**Task directions**
Output only the lines below from the one holding "Black and white" down to the one holding "BLACK & SILVER", both end lines included and every picture dropped.

**Data excerpts**

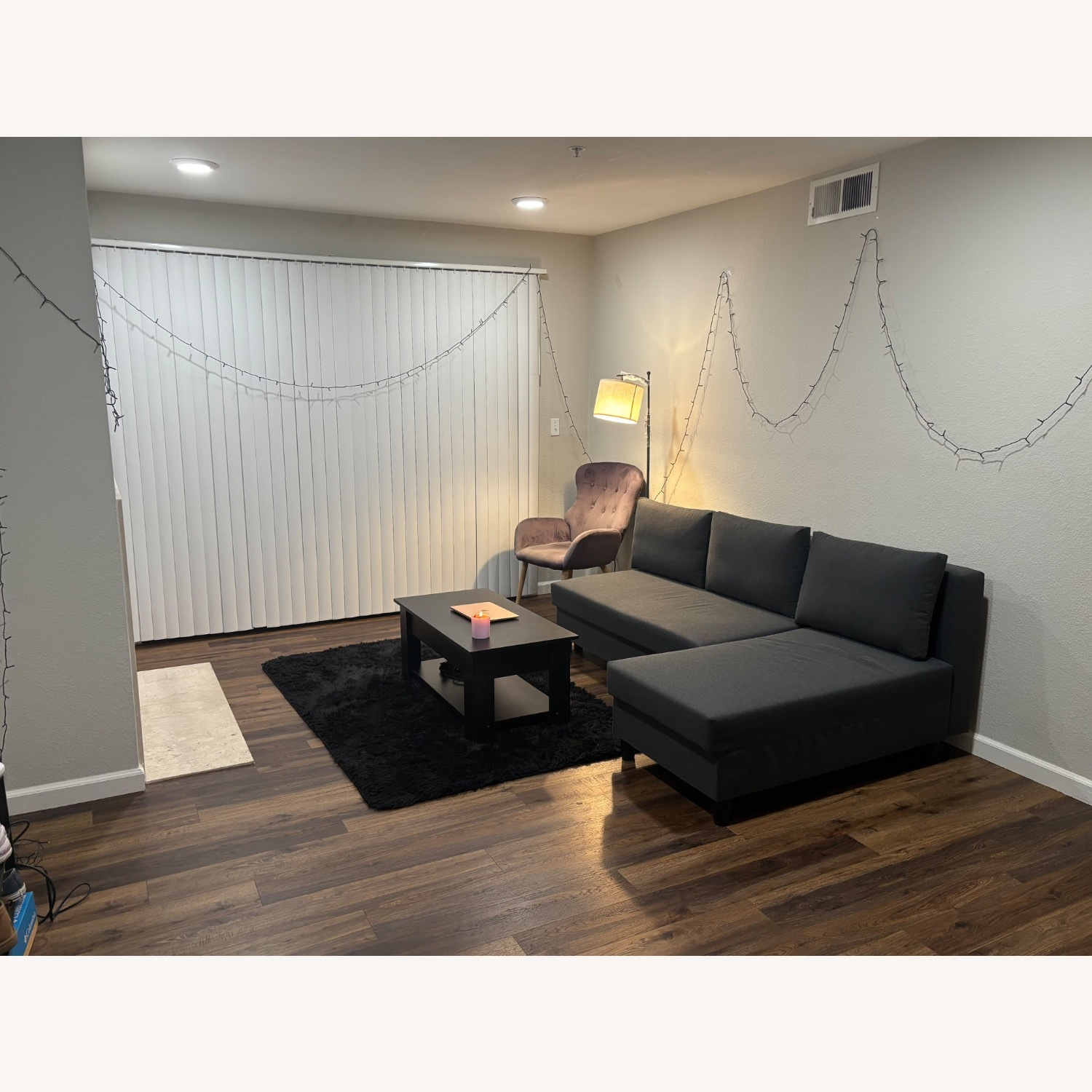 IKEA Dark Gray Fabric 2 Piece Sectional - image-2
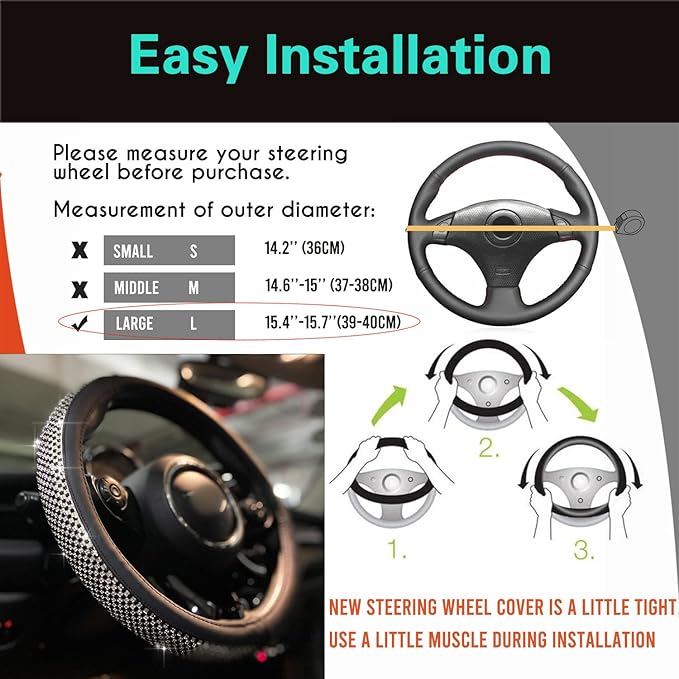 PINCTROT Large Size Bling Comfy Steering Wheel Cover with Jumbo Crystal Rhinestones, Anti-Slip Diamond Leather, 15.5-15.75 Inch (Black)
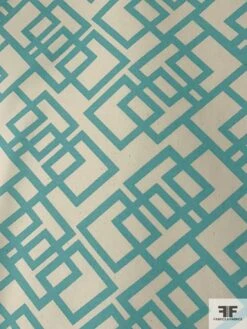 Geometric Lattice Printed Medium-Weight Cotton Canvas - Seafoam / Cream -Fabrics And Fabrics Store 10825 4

--

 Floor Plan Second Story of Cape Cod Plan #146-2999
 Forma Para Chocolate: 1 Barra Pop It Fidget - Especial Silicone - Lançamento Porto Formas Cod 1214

---

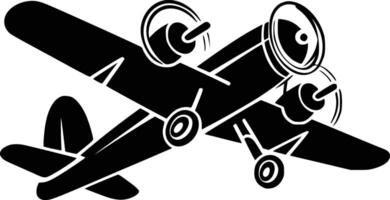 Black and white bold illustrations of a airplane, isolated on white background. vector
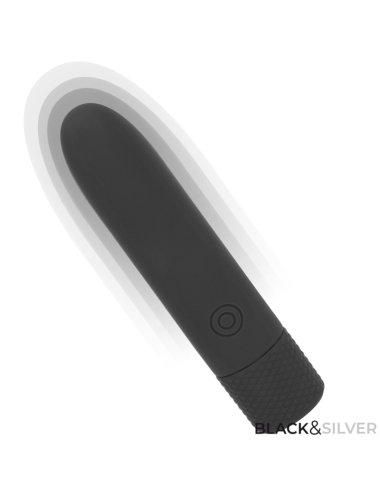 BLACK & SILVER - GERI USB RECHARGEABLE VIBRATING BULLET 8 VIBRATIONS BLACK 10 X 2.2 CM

**Solved exercise**
 Black and white bold illustrations of a airplane, isolated on white background. vector
 BLACK & SILVER - GERI USB RECHARGEABLE VIBRATING BULLET 8 VIBRATIONS BLACK 10 X 2.2 CM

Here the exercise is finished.